In February 2016, the FASB issued ASU 2016-02, “Leases (Topic 842).” The primary difference between the current requirement under GAAP and ASU 2016-02 is the recognition of lease assets and lease liabilities by lessees for those leases classified as operating leases. The FASB has continued to clarify this guidance and most recently issued ASU 2017-13 “Amendments to SEC Paragraphs Pursuant to the Staff Announcement at the July 20, 2017 EITF Meeting and Rescission of Prior SEC Staff Announcements and Observer Comments.” ASU 2016-02 requires that a lessee recognize in the statement of financial position a liability to make lease payments (the lease liability) and a right-of-use asset representing its right to use the underlying asset for the lease term (other than leases that meet the definition of a short-term lease). The liability will be equal to the present value of lease payments. The asset will be based on the liability, subject to adjustment, such as for initial direct costs. For income statement purposes, the FASB retained a dual model, requiring leases to be classified as either operating or finance. Operating leases will result in straight-line expense (similar to current operating leases) while finance leases will result in a front-loaded expense pattern (similar to current capital leases).
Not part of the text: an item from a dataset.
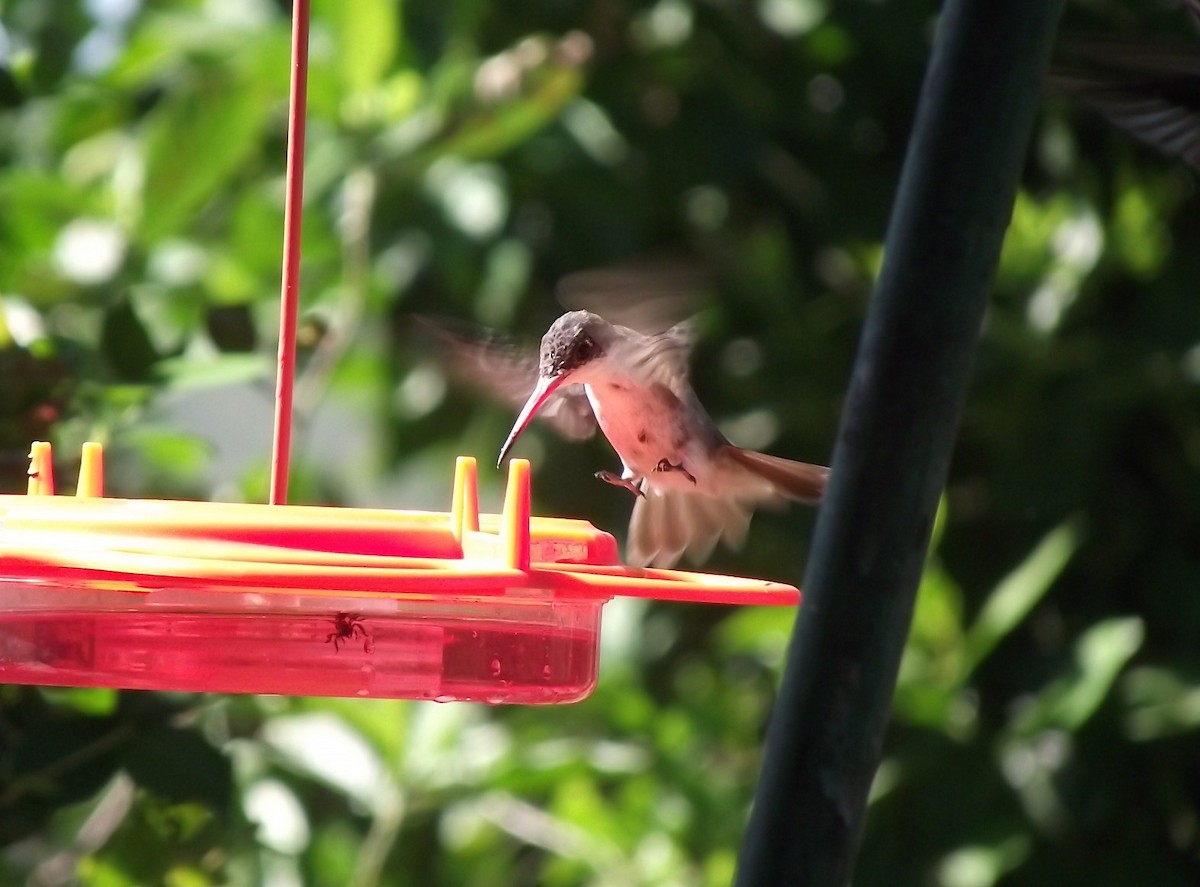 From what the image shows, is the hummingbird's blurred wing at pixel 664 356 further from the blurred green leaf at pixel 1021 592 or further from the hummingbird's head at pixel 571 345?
the blurred green leaf at pixel 1021 592

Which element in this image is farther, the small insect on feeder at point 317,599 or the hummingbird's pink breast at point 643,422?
the hummingbird's pink breast at point 643,422

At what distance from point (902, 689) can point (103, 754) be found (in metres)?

Classification will be based on criteria that are for the most part similar to those applied in current lease accounting. ASU 2016-02 may be adopted using a modified retrospective transition, and provides for certain practical expedients. Transactions will require application of the new guidance at the beginning of the earliest comparative period presented. The guidance is effective for public entities for fiscal years beginning after December 15, 2018, and interim periods within those fiscal years. Early adoption is permitted. The Company is currently assessing the potential impact of ASU 2016-02 on its consolidated financial statements. Given the Company’s significant number of leases, the Company expects this standard will result in a significant increase to its long-term assets and liabilities but does not expect it to have a material impact on its statements of operations. The Company is required to adopt the new standard in the first quarter of fiscal 2020 and does not expect to early adopt this new standard.

 

In January 2016, the FASB issued ASU 2016-01, “Financial Instruments — Overall (Subtopic 825-10): Recognition and Measurement of Financial Assets and Financial Liabilities.” This standard (i) modifies how entities measure equity investments and present changes in the fair value of financial liabilities, (ii) simplifies the impairment assessment of equity investments without readily determinable fair values by requiring a qualitative assessment to identify impairment, (iii) changes presentation and disclosure requirements and (iv) clarifies that an entity should evaluate the need for a valuation allowance on a deferred tax asset related to available-for-sale securities in combination with the entity’s other deferred tax assets. ASU 2016-01 is effective for fiscal years beginning after December 15, 2017, including interim periods within those fiscal years. Early application is permitted. The Company does not expect that the adoption of this ASU will have a material impact on its statement of operations.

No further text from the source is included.